ISLAMABAD: Chief Justice of Pakistan (CJP) Umar Ata Bandial expressed dissatisfaction with the performance of the National Accountability Bureau on Thursday and regretted the resignation of its chairman earlier this week, describing him as a highly professional police officer who enjoyed good reputation.

The CJP was referring to the resignation earlier this week of Aftab Sultan, the NAB chairman. His observations came during the hearing of a challenge to the amendments made last year in the National Accountability Ordinance (NAO).

The CJP cited a pending case regarding bail before arrest of an accused who had already served three years in jail and who had paid the entire amount in question in the corruption reference, but was still behind bars.

“That’s NAB,” the CJP regretted, adding that the Supreme Court, in a case about the criminal justice system, had called for complete digital record of entire references pending with the bureau.

“I hope NAB must have provided a record of the cases,” Justice Bandial observed. But he expressed doubts that the NAB had complete record of all the cases because it lacked a database.

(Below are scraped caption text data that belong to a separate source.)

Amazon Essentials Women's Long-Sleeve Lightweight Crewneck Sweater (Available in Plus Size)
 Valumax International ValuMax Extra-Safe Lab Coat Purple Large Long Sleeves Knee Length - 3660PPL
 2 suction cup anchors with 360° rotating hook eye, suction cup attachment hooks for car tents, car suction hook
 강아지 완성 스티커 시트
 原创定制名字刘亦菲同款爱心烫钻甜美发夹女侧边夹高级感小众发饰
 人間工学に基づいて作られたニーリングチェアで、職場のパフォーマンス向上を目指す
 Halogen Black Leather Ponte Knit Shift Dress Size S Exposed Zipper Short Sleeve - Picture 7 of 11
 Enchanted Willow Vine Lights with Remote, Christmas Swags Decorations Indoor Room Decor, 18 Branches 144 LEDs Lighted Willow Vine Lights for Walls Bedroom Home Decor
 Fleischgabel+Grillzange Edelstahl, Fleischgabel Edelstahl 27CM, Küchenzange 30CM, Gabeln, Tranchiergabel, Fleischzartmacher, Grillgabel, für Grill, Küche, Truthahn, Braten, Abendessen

Justice Bandial says there’s nothing wrong with accountability law, but what matters is its implementation

“Who says NAB is efficient,” the CJP observed, adding that “unfairness has been committed by NAB” in certain cases.

The CJP agreed with an argument by Imran Khan’s counsel Khawaja Haris Ahmed that nothing was wrong with the accountability law, but what matters was its implementation.

Instead of improving the law, he added, “they just revised it by providing across the board amnesty” and even punished victims on the basis of “personal vendetta”.

These observations came when senior counsel Makhdoom Ali Khan, who represents the federal government, pointed out holes in the reply furnished before the apex court by NAB about the fate of references after the amendment.

Data mismatch

The counsel recalled that in one of its reports NAB had said 221 references had been returned and 41 acquittals made after the amendments, while in another report, the bureau said it had returned 364 cases. “There is a gap of 143 cases.”

Makhdoom Ali Khan wondered which report “should we believe in” and which ones “should we reject”.

The bureau had neither disclosed the number of cases returned and acquittals, nor did it reveal the number of politicians facing corruption references, the government’s counsel said.

“I wanted to calculate the amount involved in the references that have been returned, but then I got confused whether to rely on the report suggesting 221 cases had been returned or on the other which said the number of returned cases stood at 364,” the counsel said.

Even the Public Accounts Committee (PAC) was silent about the money recovered by NAB and where it had been deposited.

Chief Justice Bandial said it was meaningful that no accountability case had been referred to any forum so far after the amended law barred NAB from taking up cases involving an amount exceeding Rs500 million.